21 Im übrigen ist darauf hinzuweisen, daß der Bundesgesetzgeber in § 73 Absatz 2 Nrn. 6 und 7 des fraglichen Gesetzes eine Ausnahme vom Verbot der Einfuhr von Arzneimitteln vorgesehen hat, wenn diese im Reiseverkehr in die Bundesrepublik Deutschland in einer Menge eingebracht werden, die üblicherweise dem Gebrauch oder Verbrauch einer Reise angemessen ist, und wenn sie in Verkehrsmitteln mitgeführt werden und ausschließlich zum Gebrauch oder Verbrauch der durch diese Verkehrsmittel beförderten Personen bestimmt sind. Diese Bestimmungen zeigen, daß selbst der Bundesgesetzgeber Kontrollen wie die im vorliegenden Fall streitigen zum Schutz der öffentlichen Gesundheit nicht für erforderlich hält; derartige Kontrollen gibt es nämlich nicht, wenn die Einfuhr nicht durch die Post, sondern auf anderen Wegen erfolgt, die keine höheren Garantien zum Schutz der öffentlichen Gesundheit als der Postweg bieten.
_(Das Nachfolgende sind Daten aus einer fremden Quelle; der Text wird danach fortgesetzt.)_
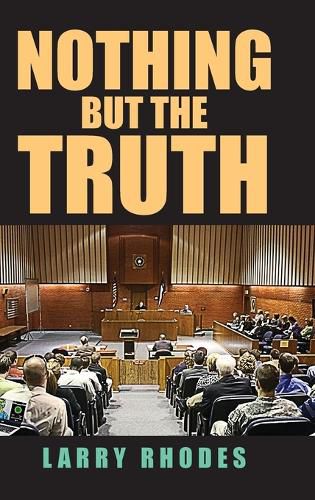 Cover image for Nothing But The Truth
22 Auf die Vorlagefrage ist deshalb zu antworten, daß eine nationale Regelung, die es einer Privatperson untersagt, im Einfuhrmitgliedstaat zugelassene und ohne ärztliches Rezept erhältliche Arzneimittel, die in einem anderen Mitgliedstaat in einer Apotheke gekauft worden sind, für ihren persönlichen Bedarf einzuführen, mit den Artikeln 30 und 36 EWG-Vertrag unvereinbar ist.

Kostenentscheidung:

Kosten

23 Die Auslagen der Regierung des Bundesrepublik Deutschland, des Königreichs Dänemark und der Französischen Republik sowie der Kommission der Europäischen Gemeinschaften, die Erklärungen vor dem Gerichtshof abgegeben haben, sind nicht erstattungsfähig. Für die Parteien des Ausgangsverfahrens ist das Verfahren ein Zwischenstreit in dem bei dem nationalen Gericht anhängigen Verfahren; die Kostenentscheidung ist daher Sache dieses Gerichts.

Tenor:

Aus diesen Gründen

hat

DER GERICHTSHOF ( Dritte Kammer )

auf die ihm vom Hessischen Finanzgericht mit Beschluß vom 25. Mai 1987 vorgelegte Frage für Recht erkannt :

Eine nationale Regelung, die es einer Privatperson untersagt, im Einfuhrmitgliedstaat zugelassene und ohne ärztliches Rezept erhältliche Arzneimittel, die in einem anderen Mitgliedstaat in einer Apotheke gekauft worden sind, für ihren persönlichen Bedarf einzuführen, ist mit den Artikeln 30 und 36 EWG-Vertrag unvereinbar.